—Stanotte io ero entrato nel parco per l'impazienza di riveder questi luoghi, di farmi udire da te, di mostrarti ch'io non poteva occuparmi, se non di te…. Ho corso rischio di essere ucciso come un ladro… e tu sei così indifferente…. Ma non hai coraggio di parlare a tuo padre? Gli parlerò io stesso….
—Oh, impossibile!—esclamò Enrica inorridita.—Vi sarebbe fra te e lui una scena tremenda: come potrebbe egli perdonare a te suo servitore….—Enrica fece spiccare la parola,—-di aver abusato d'ogni sua generosità verso la tua famiglia, di aver osato ciò che hai osato?…
Roberto si sentiva, come schiaffeggiato da quelle parole.
Ma era anch'egli d'animo altero.
—Bisognava pensarci prima!—rispose risoluto.—Che tu non credessi io fossi uno di questi vagheggini imbecilli, che voialtre donne del bel mondo burlate a piacer vostro e cuoprite di ridicolo…. Enrica, io sono pronto a dare per te tutto il mio sangue, a goccia a goccia; sono pronto, se occorre, a seppellirmi vivo, a entrare in una tomba con te, per sfuggire ogni contrarietà… ma cederti ad altri, rinunziare al mio diritto… mai. Sai ch'io t'ho conquistata…. Tu mi costi umiliazioni, oltraggi, ingiurie d'ogni maniera, prima del nostro amore; dopo, ansie crudeli, notti insonni, il sacrificio di tutto me stesso a un solo scopo…. Tu sei la mia idea fissa… sei la sola cosa che desidero, che amo, che voglio possedere; ogni ostacolo che mi si opponga, se non potrò sormontarlo, lo spezzerò….
La sua veemenza faceva paura.
Protese un braccio per stringer la vita di Enrica….

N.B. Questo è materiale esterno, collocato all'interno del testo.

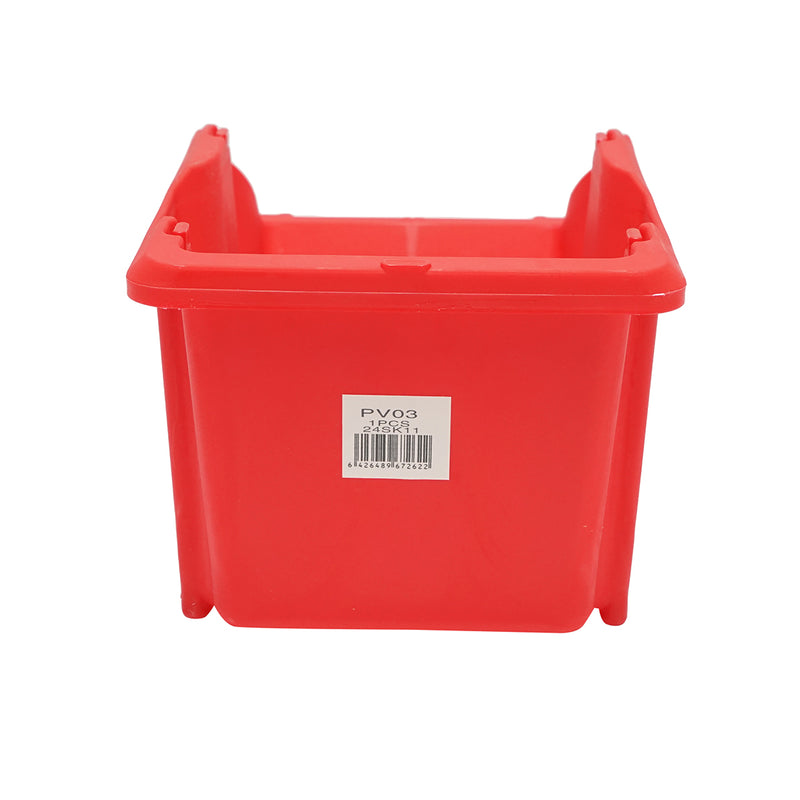 Scatola portaoggetti in plastica rossa, dimensioni 245x155x120 mm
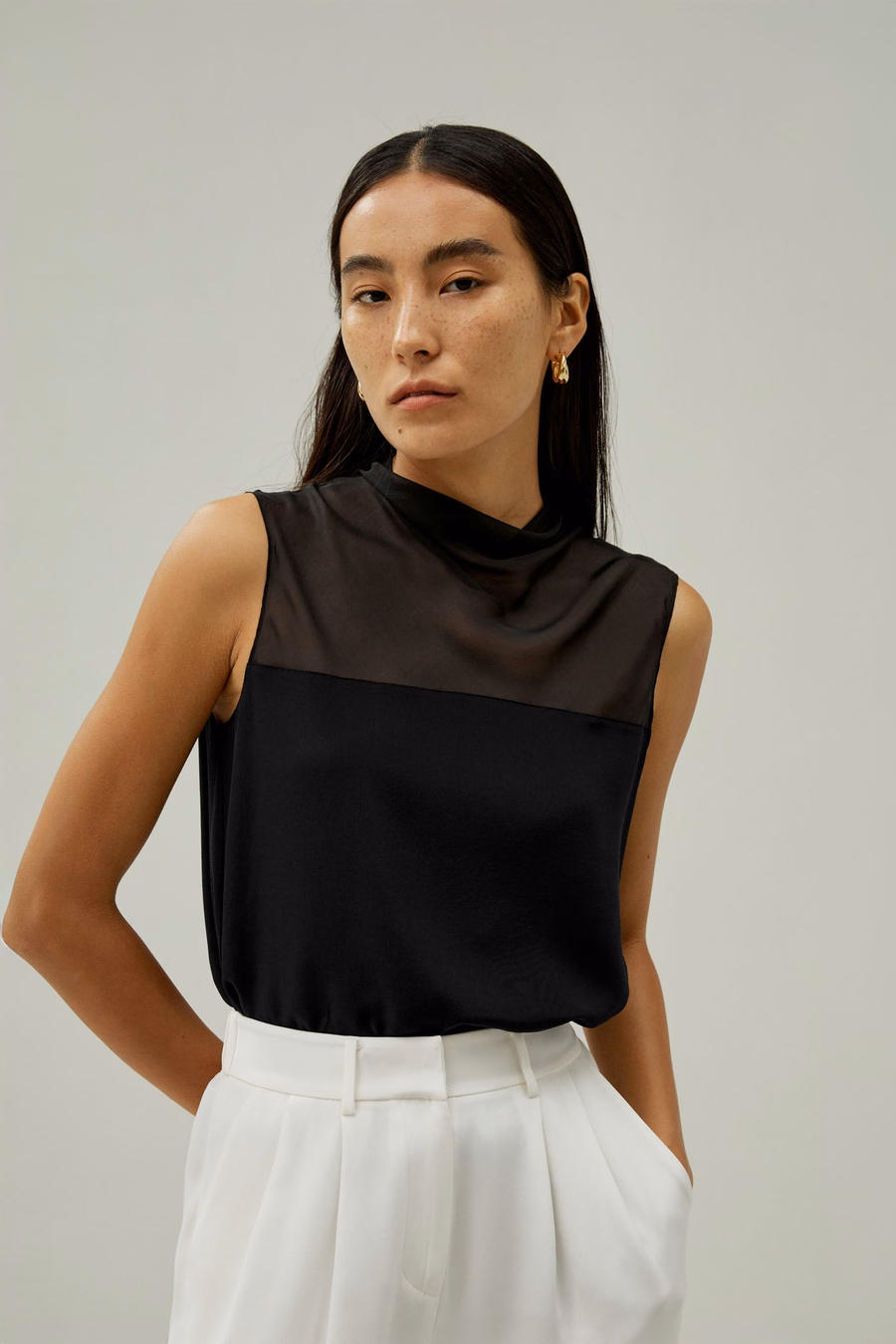 Cowl HalvHigh Neck Mouwloze Zijde Top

Essa schivò quella carezza.
—Non ti riconosco!—mormorò Roberto pallidissimo.—A bordo, nelle mie notti insonni, vedevo spesso uno spettro, un cadavere, con una gran ferita, tutto sangue… Enrica,—disse Roberto angosciato e come fuori di sè,—tu vuoi la mia rovina: sento che qualche cosa di terribile si prepara.
Enrica provava un'interna soddisfazione di quelle parole; sembrava che esse corrispondessero a certi suoi perfidi disegni.